You’re probably still wondering why Phoenix was chosen as the location for this project and not somewhere frigid and cold. Well Project Mercury was born out of necessity, not an attempt to push limits or prove a point. EBay simply built the data center in Arizona because it was needed; and with that understanding began the massive undertaking of building an efficient data center in an oven like environment. “If we can solve this in a desert,” says Dean Nelson, eBay’s senior director of global foundation services and the man who oversaw the project, “we can solve this almost anywhere.”
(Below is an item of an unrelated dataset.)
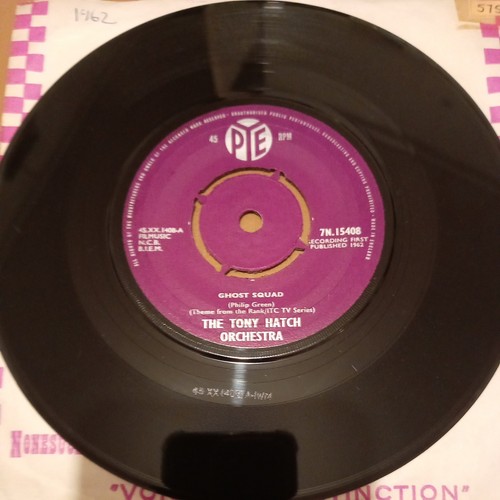 The tony hatch orchestra - hatch,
So how did they do it, you ask? The solution was to cool the facility with hot water. EBay embraces the idea of running some of its servers at higher temperatures than the industry standard, insisting that servers can run just fine at temperatures above 80°F. The water held in their outdoor tank can reach 87°F on the hottest days during the summer, but even this staggeringly warm temperature is cool enough to run the heat exchanges that keep the facility’s servers at operable temperatures.
With a PUE of 1.35 when there’s a 30-40% load on the servers, EBay has little to brag about. However, when the containers are considered individually, their PUE was a low 1.018 in January and only spiked to 1.046 when outside temperatures rose to 115°F in the middle of August. These numbers are incredibly low given the environment that they are placed in. Interestingly, up to 12 containers can sit outside on the roof in the direct Arizona sunshine and the data center is still able to operate efficiently.
Project Mercury hits home for two reasons: the first being more blatantly obvious, in the fact that the data center is located in our backyard, which is incredibly unusual given our extreme climate, and the second being that the facility uses ServerLIFTs to assist in the moving of their IT equipment. Both of these reasons make us equally excited and we are very happy to welcome EBay’s green data center to their new hot home.